Using new software, they recorded a version of Bob Marley's Them Belly Full (But We Hungry) to raise funds for the charity War Child.

The artists e-mailed their different vocal and instrumental contributions into a virtual studio in northwest London from locations all over the world.

The whole project was completed inside one hour for Megalab '99 - a special BBC TV programme containing a series of mass participation experiments.

The Irish singer Sinead O'Connor's lead vocals were sent to the virtual studio from the BBC's Television Centre in west London and keyboard whiz Thomas Dolby uploaded his synthesiser contribution from San Francisco.

Other artists joined the session from Johannesburg (vocals), Sydney (percussion), Hamburg (keyboard) and New Orleans (guitar).

Musical interaction

The computer program that combined the different sections of the mix is the brainchild of musician Willy Henshaw.

"The software is revolutionary because it allows people from anywhere in the world to get together in the virtual studio and interact as if they were in the same place," he said.

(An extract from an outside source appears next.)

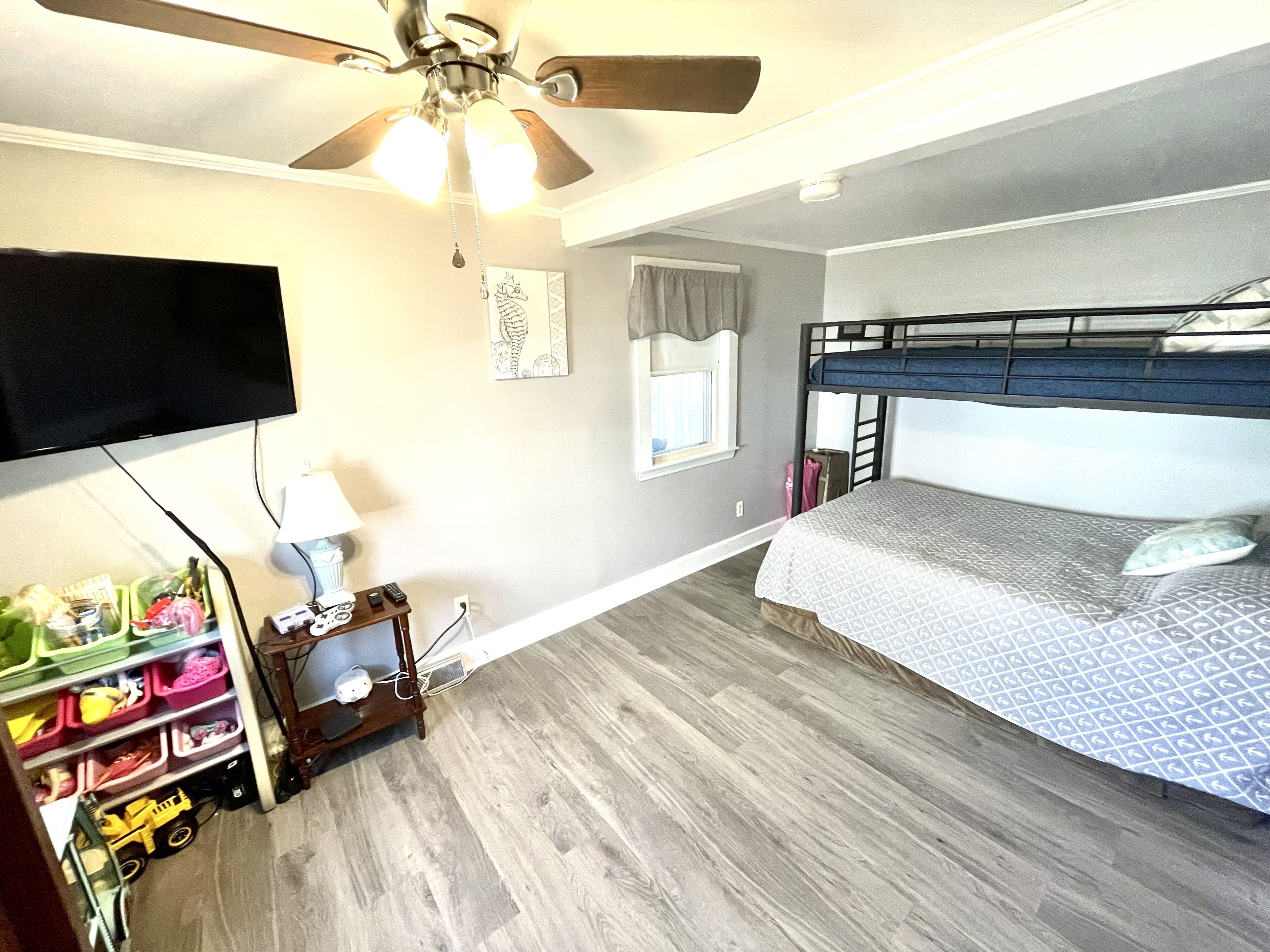 NEW LISTING!! 3-4 Bedroom, 1 Bath and Brand New Outdoor Shower Falmouth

The musicians cannot actually play simultaneously - the idea is that each singer or player can quickly hear what the others have done and then add their contributions to the master track.

It is claimed the system has the effect of speeding up the recording process.

The single was mixed by production team Coldcut.

Producer Matt Black said: "I think it is a great new way of working with people. For instance, if we wanted to go to Africa and work with someone, we'd have to get all the equipment on a plane and go over there.

"With hotels, it all gets very expensive. This way we can communicate directly and connect with the music."

It is thought the Rocket Network system will be especially useful to artists wanting to put together charity songs. It will mean leading pop stars will still be able to appear on a track even if they are away on tour in a different country.

Megalab '99 is run by the Daily Telegraph and the BBC's Tomorrow's World television programme as part of National Science Week.